Task to complete — Exactly the lines from the one containing "Organizér na koření" through the final line of the data are to be written out again, with nothing added.

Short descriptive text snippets
□ □ □ □ □

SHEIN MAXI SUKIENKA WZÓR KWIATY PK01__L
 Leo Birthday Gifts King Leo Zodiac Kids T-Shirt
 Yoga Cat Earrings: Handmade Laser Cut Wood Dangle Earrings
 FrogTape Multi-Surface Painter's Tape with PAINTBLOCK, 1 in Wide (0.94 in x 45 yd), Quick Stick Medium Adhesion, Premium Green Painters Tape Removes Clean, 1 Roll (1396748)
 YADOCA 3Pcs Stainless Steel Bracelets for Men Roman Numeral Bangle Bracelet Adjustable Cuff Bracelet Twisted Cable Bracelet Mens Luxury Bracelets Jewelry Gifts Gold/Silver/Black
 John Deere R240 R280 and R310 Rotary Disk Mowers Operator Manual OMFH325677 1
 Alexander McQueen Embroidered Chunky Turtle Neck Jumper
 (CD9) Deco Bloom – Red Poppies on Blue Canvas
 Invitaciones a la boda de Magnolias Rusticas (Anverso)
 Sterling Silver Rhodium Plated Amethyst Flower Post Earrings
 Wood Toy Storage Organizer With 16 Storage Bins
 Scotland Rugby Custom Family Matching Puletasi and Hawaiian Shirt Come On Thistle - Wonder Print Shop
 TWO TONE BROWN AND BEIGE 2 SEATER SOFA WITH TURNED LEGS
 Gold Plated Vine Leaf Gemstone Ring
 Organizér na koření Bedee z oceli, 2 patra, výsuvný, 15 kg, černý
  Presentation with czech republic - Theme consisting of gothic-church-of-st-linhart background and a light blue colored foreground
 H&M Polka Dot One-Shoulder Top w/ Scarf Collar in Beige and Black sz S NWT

□ □ □ □ □

Task output —
 Organizér na koření Bedee z oceli, 2 patra, výsuvný, 15 kg, černý
  Presentation with czech republic - Theme consisting of gothic-church-of-st-linhart background and a light blue colored foreground
 H&M Polka Dot One-Shoulder Top w/ Scarf Collar in Beige and Black sz S NWT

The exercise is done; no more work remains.